Qui, nel recupero di antichi temi popolari, per la prima volta, Mahler teorizza il concetto di Naturlaut (suono della natura) dove natura coincide con la totalità di suoni provenienti dal mondo e dalla vita: versi di uccelli, marce, segnali militari, frammenti di canzoni ecc. Non così come si originano, ma come sono ricostruiti attraverso quel processo di ricreazione e di riappropriazione tipico dell’arte. In questo riuso della citazione (non dissimile dalla successiva poetica dell’invenzione dannunziana) Mahler assembla tutto quanto è necessario alla produzione estetica delle sue singole opere: anche una vecchia melodia ritenuta tra l’altro ebraica – ed è quella che ci interessa – rientra in questa singolare fucina dell’artiere.

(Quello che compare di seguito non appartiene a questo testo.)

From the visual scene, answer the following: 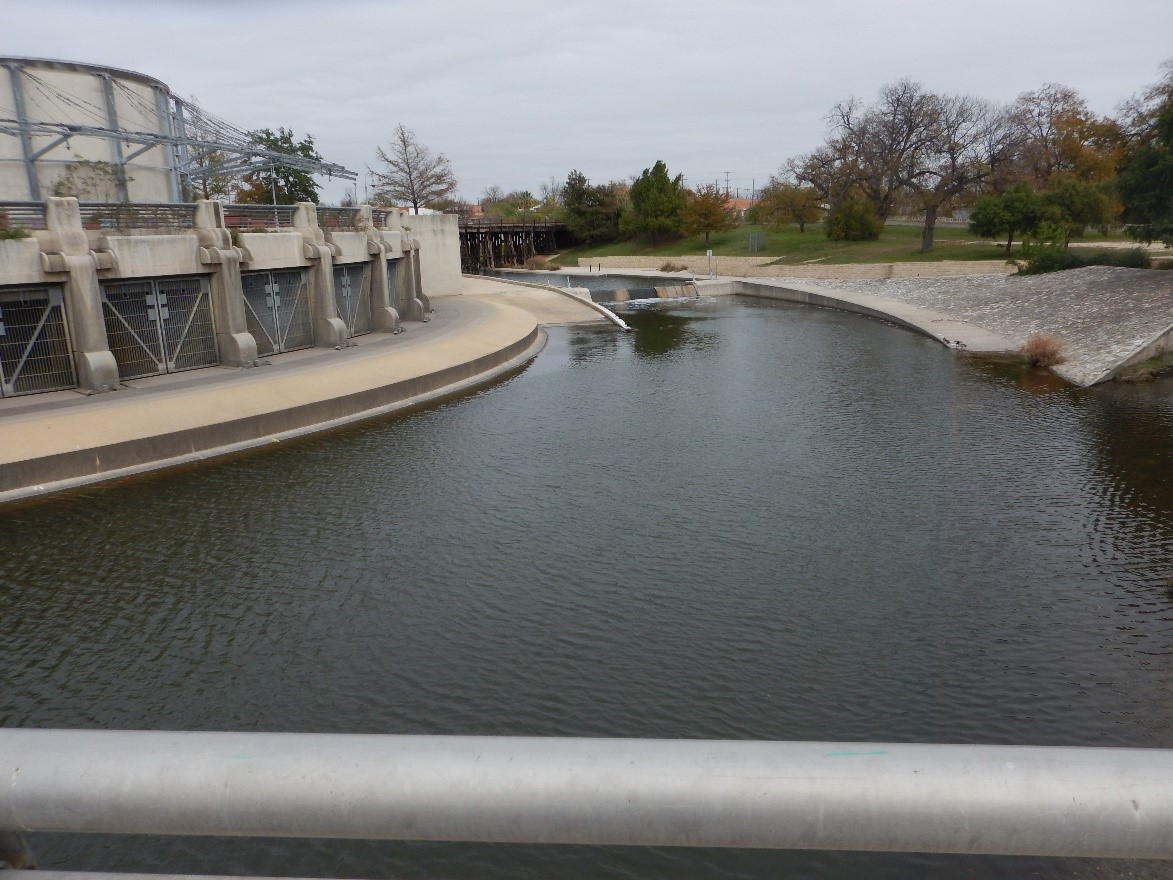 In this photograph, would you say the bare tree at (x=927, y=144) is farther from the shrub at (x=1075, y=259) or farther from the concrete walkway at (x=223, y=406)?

Derivazione ebraica, si diceva. In realtà, gli studi di Ernesto De Martino (Morte e pianto rituale nel mondo antico [1958]) riconducono quelle sonorità a un archetipo balto-slavo (connesso tanto alle comunità balcaniche dell’impero asburgico quanto a quelle più antiche croate soggette alle transizioni adriatiche dei secc. XV e XVI). Ma, a conti fatti, nell’un caso o nell’altro, rimane un solo dato: l’ascolto degli echi di Màre májjǝ, il celebre lamento vastese di una vedova, che provengono dal terzo movimento della citata prima sinfonia mahleriana. Per una singolare coincidenza cronologica va segnalata, nello stesso anno della morte di Mahler – 1911 –, la pubblicazione da parte dell’Accademia delle Scienze di Vienna dell’opera di Milan Rešetar dal titolo Die Serbokroatischen Kolonien in Süditaliens (Le colonie serbocroate nell’Italia Meridionale) relativa alle sopravvivenze culturali metanastasiche della migrazione croata lungo la Valle del Trigno.

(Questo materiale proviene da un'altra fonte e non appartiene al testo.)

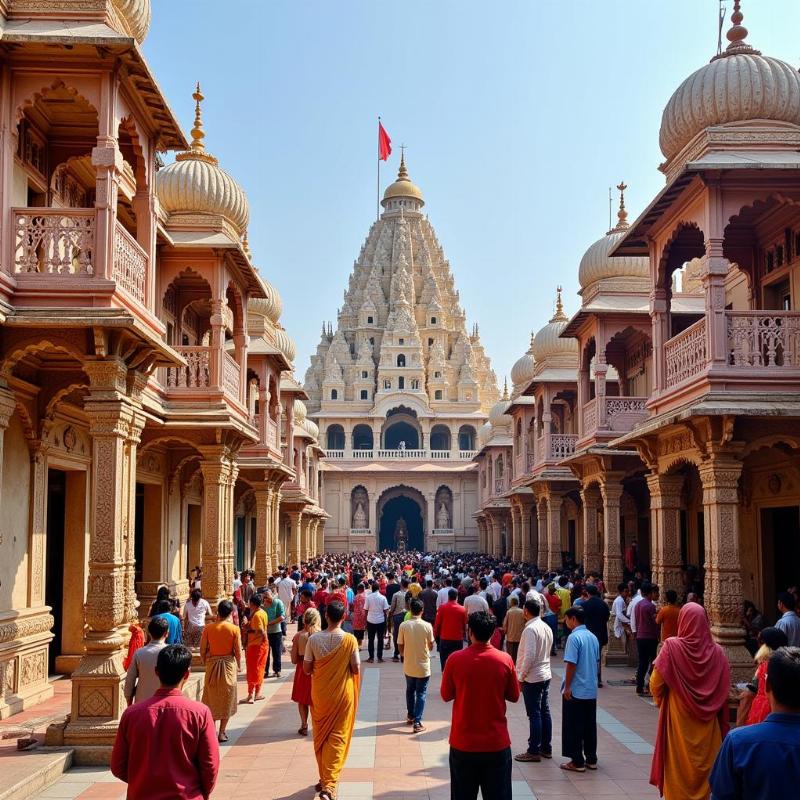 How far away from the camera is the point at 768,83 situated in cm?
1274

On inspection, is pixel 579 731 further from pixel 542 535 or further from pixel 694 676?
pixel 542 535

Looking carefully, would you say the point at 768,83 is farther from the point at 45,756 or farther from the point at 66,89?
the point at 45,756

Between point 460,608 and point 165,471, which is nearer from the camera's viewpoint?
point 460,608

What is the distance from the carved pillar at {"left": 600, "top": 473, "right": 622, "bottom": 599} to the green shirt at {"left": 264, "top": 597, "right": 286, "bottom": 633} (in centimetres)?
681

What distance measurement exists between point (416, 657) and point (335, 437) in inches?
2150

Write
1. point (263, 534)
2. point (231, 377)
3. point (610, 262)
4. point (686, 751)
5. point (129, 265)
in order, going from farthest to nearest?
point (263, 534) → point (610, 262) → point (231, 377) → point (129, 265) → point (686, 751)

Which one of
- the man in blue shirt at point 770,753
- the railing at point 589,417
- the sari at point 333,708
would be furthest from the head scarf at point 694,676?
the railing at point 589,417

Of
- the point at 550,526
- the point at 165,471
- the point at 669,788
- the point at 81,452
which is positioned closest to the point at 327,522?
the point at 550,526

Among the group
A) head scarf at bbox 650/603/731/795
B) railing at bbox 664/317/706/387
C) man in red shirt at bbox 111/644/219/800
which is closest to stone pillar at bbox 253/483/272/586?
railing at bbox 664/317/706/387

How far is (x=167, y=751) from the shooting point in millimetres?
4875

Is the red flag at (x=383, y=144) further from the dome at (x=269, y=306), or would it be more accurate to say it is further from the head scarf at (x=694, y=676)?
the head scarf at (x=694, y=676)

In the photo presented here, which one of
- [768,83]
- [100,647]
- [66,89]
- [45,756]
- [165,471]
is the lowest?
[45,756]

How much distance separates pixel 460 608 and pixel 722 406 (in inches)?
170

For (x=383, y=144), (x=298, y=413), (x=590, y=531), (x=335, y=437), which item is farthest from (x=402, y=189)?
(x=590, y=531) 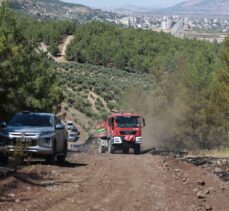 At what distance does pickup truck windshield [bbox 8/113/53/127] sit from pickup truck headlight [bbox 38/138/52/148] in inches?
45.9

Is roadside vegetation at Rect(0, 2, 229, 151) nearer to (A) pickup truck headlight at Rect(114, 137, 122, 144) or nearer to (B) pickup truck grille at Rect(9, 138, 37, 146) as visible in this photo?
(A) pickup truck headlight at Rect(114, 137, 122, 144)

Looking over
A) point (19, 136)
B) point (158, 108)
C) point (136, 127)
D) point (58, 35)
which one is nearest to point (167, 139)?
point (158, 108)

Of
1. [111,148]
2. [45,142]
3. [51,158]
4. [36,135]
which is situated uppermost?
[36,135]

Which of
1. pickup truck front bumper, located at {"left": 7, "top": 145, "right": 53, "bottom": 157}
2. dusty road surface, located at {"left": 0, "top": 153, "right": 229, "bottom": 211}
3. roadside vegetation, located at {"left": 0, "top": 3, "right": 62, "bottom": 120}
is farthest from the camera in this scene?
roadside vegetation, located at {"left": 0, "top": 3, "right": 62, "bottom": 120}

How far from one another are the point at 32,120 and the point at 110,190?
7891 mm

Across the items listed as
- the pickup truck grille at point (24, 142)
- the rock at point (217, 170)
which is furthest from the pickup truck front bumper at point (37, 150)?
the rock at point (217, 170)

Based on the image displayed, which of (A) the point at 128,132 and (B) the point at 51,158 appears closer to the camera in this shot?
(B) the point at 51,158

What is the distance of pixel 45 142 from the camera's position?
20.7 meters

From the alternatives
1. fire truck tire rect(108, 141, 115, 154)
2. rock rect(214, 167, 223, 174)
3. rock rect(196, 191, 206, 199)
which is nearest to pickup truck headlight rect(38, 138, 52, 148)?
rock rect(214, 167, 223, 174)

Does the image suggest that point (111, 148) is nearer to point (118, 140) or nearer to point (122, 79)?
point (118, 140)

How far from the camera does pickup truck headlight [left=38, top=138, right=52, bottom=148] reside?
2056 centimetres

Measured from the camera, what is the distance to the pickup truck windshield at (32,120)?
71.5ft

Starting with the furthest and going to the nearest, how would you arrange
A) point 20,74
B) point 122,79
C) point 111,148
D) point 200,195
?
point 122,79, point 20,74, point 111,148, point 200,195

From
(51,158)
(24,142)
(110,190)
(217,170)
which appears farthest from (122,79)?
(110,190)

In ogni caso va ricordato che la notizia iniziale sulla testualità di questo canto non concerne Vasto e il suo territorio di riferimento, ma Scanno e l’area della valle del Sagittario. In effetti, il primo a parlarne è Vincenzo Simoncelli (1850-1917) che, nel fascicolo inaugurale del «Giambattista Basile. Archivio di letteratura popolare e dialettale» (1883), rivista diretta da Luigi Molinaro del Chiaro, alle pp. 54-55, pubblica un testo di nove strofe – Il pianto della vedova – raccolto dalla voce di Giovanni Graziani di Villetta Barrea (versione che riporto in appendice). Sempre sulla stessa testata, nel n. 10, Antonio De Nino, intervenendo sullo stesso argomento, precisa che il componimento si sviluppa in 17 strofe e che per la prima volta attribuisce all’arciprete Sebastiano Mascetta di Colledimacine scritte intorno al 1830. Dal canto suo, Gennaro Finamore, nel 1905, sulle pagine della «Rivista Abruzzese» pubblica un testo di nove strofe analogo a quello di Scanno, attribuito sempre a Mascetta. E che differisce per una strofa in meno rispetto alle dieci vastesi contenute nello scartafaccio di una conferenza manoscritta di Luigi Anelli (Come canta il popolo vastese) conservata nell’Archivio Storico Comunale di Vasto. Questa, in breve, la traditio della scrittura che, data la diversità «codicologica» esistente tra la versione di De Nino e quella di Finamore, rinvia a un archetipo ancora da individuare da cui sembra dipendere la stessa lectio letteraria del Mascetta. 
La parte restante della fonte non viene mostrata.